Her lab work revealed low red blood cells, but higher-than-normal white blood cells, platelets, and liver enzymes, while pancreatic enzymes and kidney function were normal. Viral tests came back negative.
A subsequent cervical, chest, abdomen, and pelvic computed tomography scan (TC CCAP) showed non-specific scattered nodules in the lower lung lobes and the liver, suggestive of cancer metastasis. A liver biopsy found an adenocarcinoma, a cancer that begins in glandular, or secretory, cells.
A second TC CCAP identified a mass in the pancreas, which was likely the primary adenocarcinoma that spread to other organs and tissues.
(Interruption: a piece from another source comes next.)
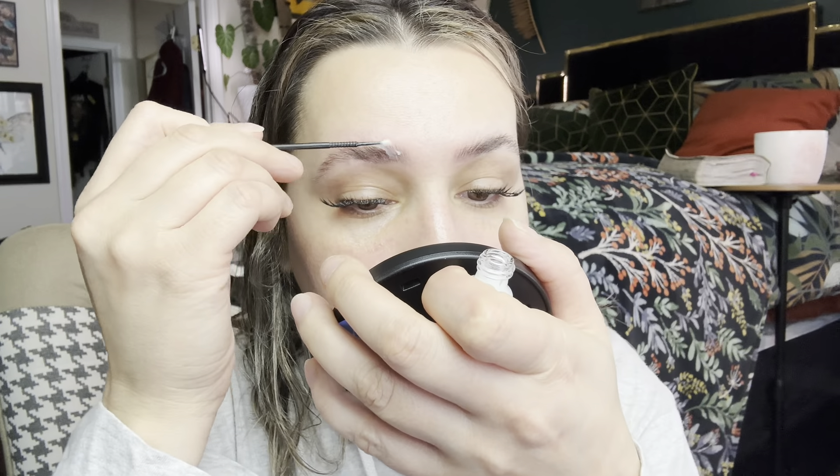Now that my brows are where I want them, I'm going to get the perming solution. Everything says what it is on the bottle. And it smells like perming solution — like if you were getting your hair permed. So now I'm just going to apply this, and then I'm going to let this sit for eight to ten minutes and then I'll show you what to do next once I'm done.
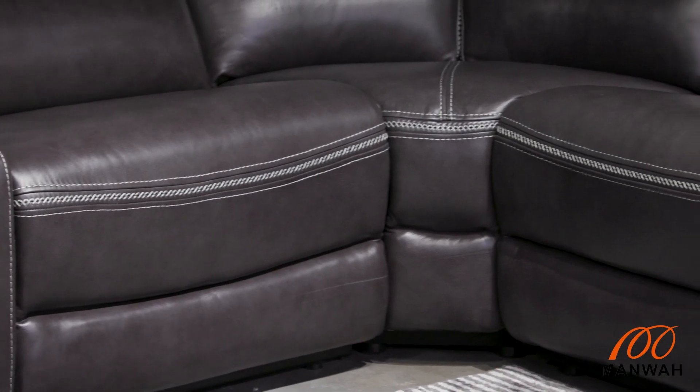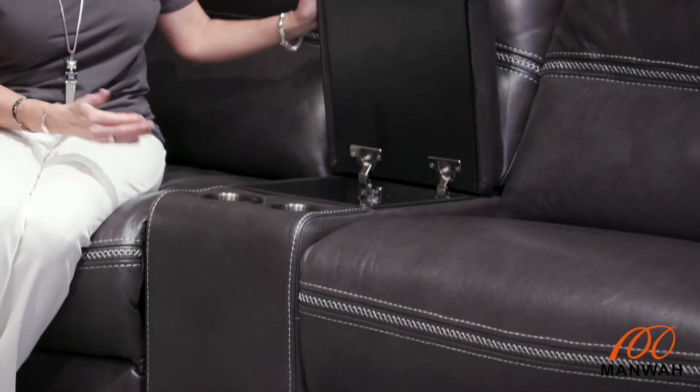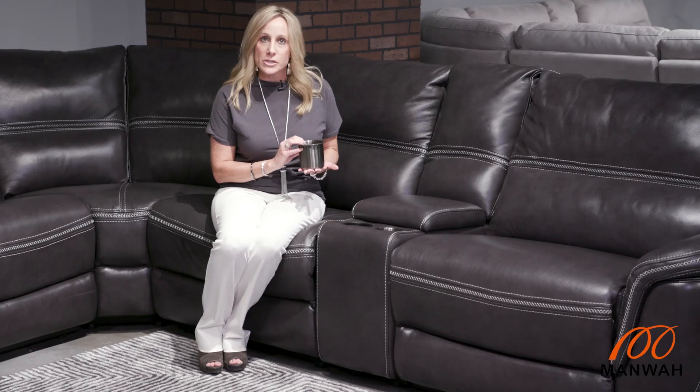So a lot of different options here. Also on the seven-piece sectional you have a console. This console has inside two USB ports, it is a soft-close lid. You have two cup holders, removable and dishwasher safe.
The woman started chemotherapy, but died one month after the first treatment cycle.
“To our knowledge, the coexistence of primary SS and pancreatic cancer was described only in two recent studies, with a prevalence of pancreatic cancer equal to 0.8%,” the researchers wrote.
As the metastatic pancreatic cancer was found two years after a primary Sjögren’s diagnosis, researchers also highlighted the possibility that the latter may have been a paraneoplastic syndrome, a rare disorder triggered by an abnormal immune system response to a cancer.
Notably, symmetrical inflammatory arthritis in several joints of the hands and wrists is a common rheumatic manifestation of paraneoplastic syndromes.
Given that only two case reports have explored Sjögren’s as a paraneoplastic syndrome preceding lung and kidney cancers, further research is needed to understand the potential development of Sjögren’s as a paraneoplastic syndrome.
Still, “a rapid onset of an unusual inflammatory polyarthritis in a patient older than 50 years with smoking habits, with partial response to low-dose corticosteroid, and with no specific biologic or radiographic features should lead to screening of an occult [cancer],” the researchers wrote.
“Patients with primary SS should be closely monitored for malignancy, not only for [blood] cancer, but also for solid tumors,” they added.
The scientists also noted that while independent predictors of blood cancer development have been identified in Sjögren’s patients, further research is needed to explore predictive factors of solid tumors in this patient population.
They added, however, that smoking is also a risk factor for pancreatic cancer, which may also have contributed to the tumor in this patient.